CE41 - Inégalités, discriminations, migrations

Inégalités patrimoniales et dynamiques du marché du logement : Comprendre le Régime d’Inégalités Spatiales liées au marché IMMObilier (CRISIMMO) – WIsDHoM

Inégalités patrimoniales et dynamiques des marchés de la propriété résidentielle

Comment l’inflation et la volatilité des marchés immobiliers jouent sur la géographie des inégalités ? Depuis les années 1990, les prix ont augmenté plus vite que les revenus, facteur de polarisation. Les réformes de l'État providence encouragent un régime assurantiel reposant sur la capitalisation des actifs des ménages. Comment les dispositifs de financement du logement jouent « sur le terrain », en reliant la dynamique des marchés résidentiels à la production d'inégalités socio-spatiales.

Une étude empirique des facteurs de renforcement des inégalités, conceptualisée comme rétroaction entre des prix, des types de marchés et les régimes de financement du logement.

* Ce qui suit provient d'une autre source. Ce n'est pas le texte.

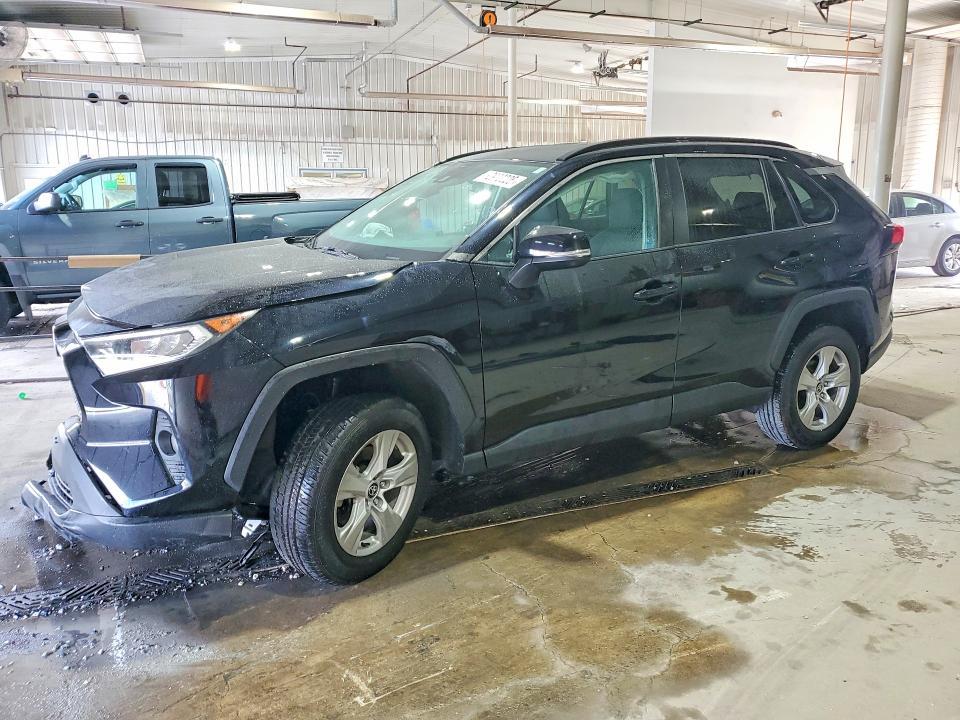2021 Toyota Rav4 — фото 1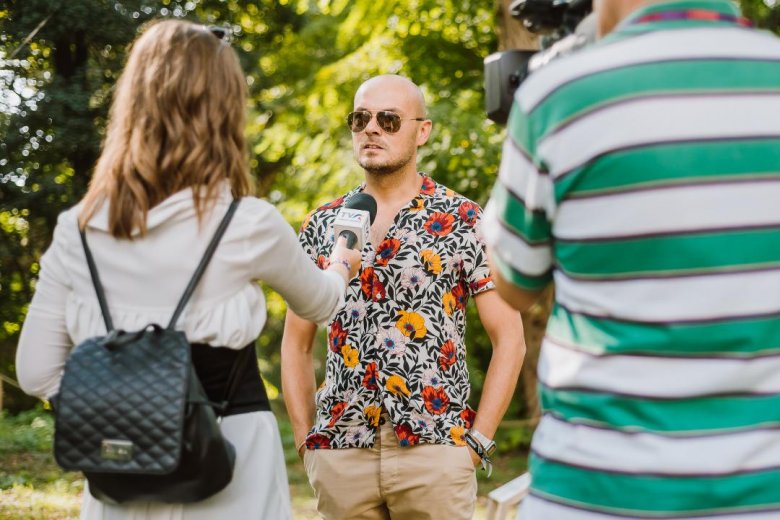 Kim Attila számára teljesen  újszerű és egyedi munkát  jelentett a kastélyparkban  dolgozni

Dans quelle mesure la division sociale de l'espace et les inégalité sociale contemporaine sont façonnées par les rapports financiers que l'on entretient avec les marchés du logement et leur stratification spatiale ? Nous faisons l'hypothèse que le flux d'investissements immobiliers des ménages et la production de logements sont fondés sur l'intensification de la stratification financière des inégalités urbaines au niveau des quartiers. Les dispositifs de marché ou systèmes d'incitations nationales et locales à l'accès au crédit sont articulés sur la variabilité spatiale des revenus et des prix du logement. En utilisant des données désagrégées sur les transactions immobilières, des enquêtes auprès des ménages et des informations sur la mobilité résidentielle des propriétaires, nous analysons les trajectoires économiques, spatiales et financières des ménages par rapport à la dynamique des prix du logement dans trois villes françaises (Paris, Lyon, Avignon). Ce projet permet de mieux comprendre comment les dispositifs et régimes de financement du logement jouent «sur le terrain », en reliant la dynamique financière des marchés résidentiels à la production d'inégalités socio-spatiales au niveau local.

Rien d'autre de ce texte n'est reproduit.